You can create a delivery task in the Tablestore console to deliver data from Tablestore to an Object Storage Service (OSS) bucket.
Prerequisites
OSS is activated. A bucket is created in the region where a Tablestore instance resides. For more information, see Activate OSS.
Data delivery allows you to deliver data from a Tablestore instance to an OSS bucket within the same region. To deliver data to another warehouse such as MaxCompute, submit a ticket.
Usage notes
Data delivery is available in the China (Hangzhou), China (Shanghai), China (Beijing), and China (Zhangjiakou) regions.
The delete operation on Tablestore data is ignored when the data is delivered. Tablestore data delivered to OSS is not deleted when you perform a delete operation on the data.
It takes at most one minute for initialization when you create a delivery task.
Latencies are within 3 minutes when data is written at a steady rate. The P99 latency is within 10 minutes when data is synchronized.

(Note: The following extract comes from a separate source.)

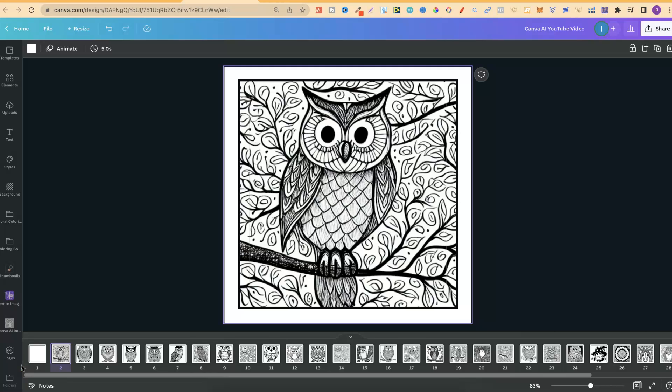I made this coloring page with Artificial Intelligence, and I'm going to show you how.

NoteThe P99 latency indicates the average latency of the slowest 1% of requests over the previous 10 seconds.
Create a data delivery task
Go to the Instance Management page.
Log on to the Tablestore console.
In the upper part of the page, select a resource group and a region. Find a Tablestore instance that you want to manage in the instance list. Then, click the instance name or Manage Instance in the Actions column.
On the Instance Management page, click the Deliver Data to OSS tab.
(Optional) Create the service-linked role AliyunServiceRoleForOTSDataDelivery.
When you configure data delivery for the first time, you must create the AliyunServiceRoleForOTSDataDelivery role that is used to authorize Tablestore to write data to an OSS bucket. For more information, see AliyunServiceRoleForOTSDataDelivery role.
NoteFor more information about service-linked roles, see Service-linked roles.
On the Deliver Data to OSS tab, click Role for Delivery Service.
In the Role Details message, view related information. Click OK.
Create a delivery task.
On the Deliver Data to OSS tab, click Create Task.
In the Create Task dialog box, configure the following parameters.
Parameter
Description
Task Name
The name of the delivery task.
The name must be 3 to 16 characters in length and can contain only lowercase letters, digits, and hyphens (-). It must start and end with a lowercase letter or digit.
Destination Region
The region where the Tablestore instance and OSS bucket are located.
Source Table
The name of the Tablestore table.
Destination Bucket
The name of the OSS bucket to which you want to deliver data.
ImportantMake sure that a bucket is created in the same region of the Tablestore instance.
Destination Prefix
The prefix of the folder in the bucket. Data is delivered from Tablestore to the folder. The path of the destination folder supports the following time variables: $yyyy, $MM, $dd, $HH, and $mm. For more information, see the Partition data by time section of this topic.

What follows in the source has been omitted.